BRIEF - Your task is to return exactly the lines that run from the one containing "AZUSA PLANE /" through the end of the listing below, without any pictures.

STORED DATA -
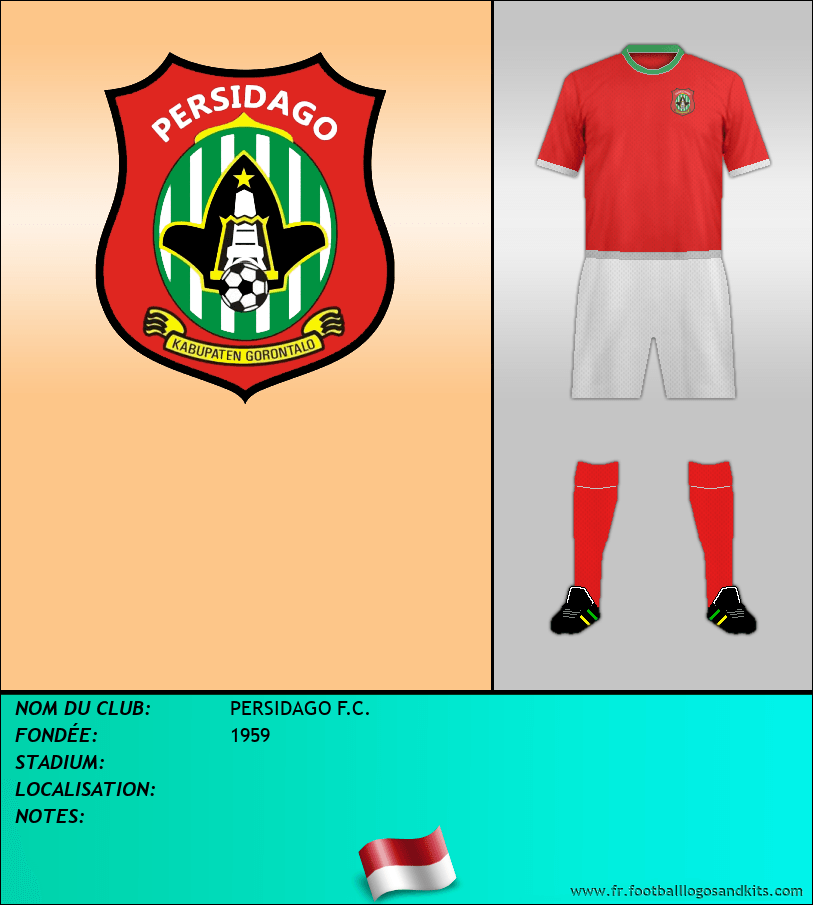 Logo de PERSIDAGO F.C.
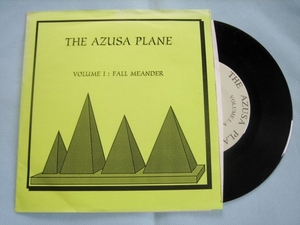 AZUSA PLANE / VOLUME 1：FALL MEANDER　　ポストロック　ノイズ　音響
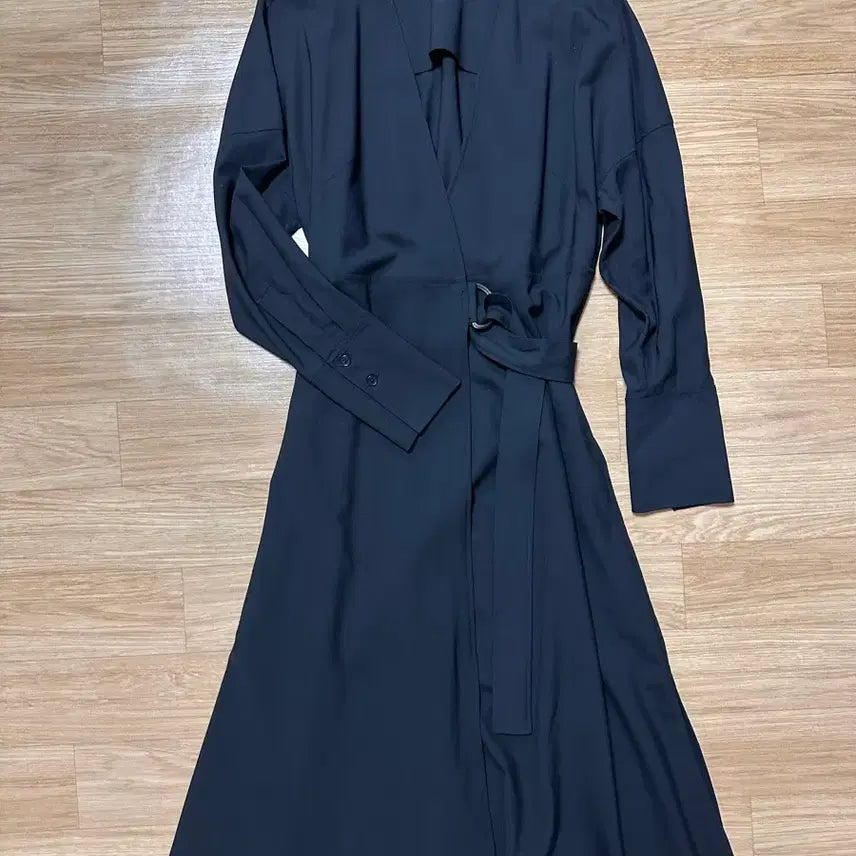 [BUNJANG] COS Black Wrap Dress EUR 32 / COS 블랙 랩 원피스 EUR 32 상태 좋아요 55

SOLUTION FOR THIS TASK -
 AZUSA PLANE / VOLUME 1：FALL MEANDER　　ポストロック　ノイズ　音響
 [BUNJANG] COS Black Wrap Dress EUR 32 / COS 블랙 랩 원피스 EUR 32 상태 좋아요 55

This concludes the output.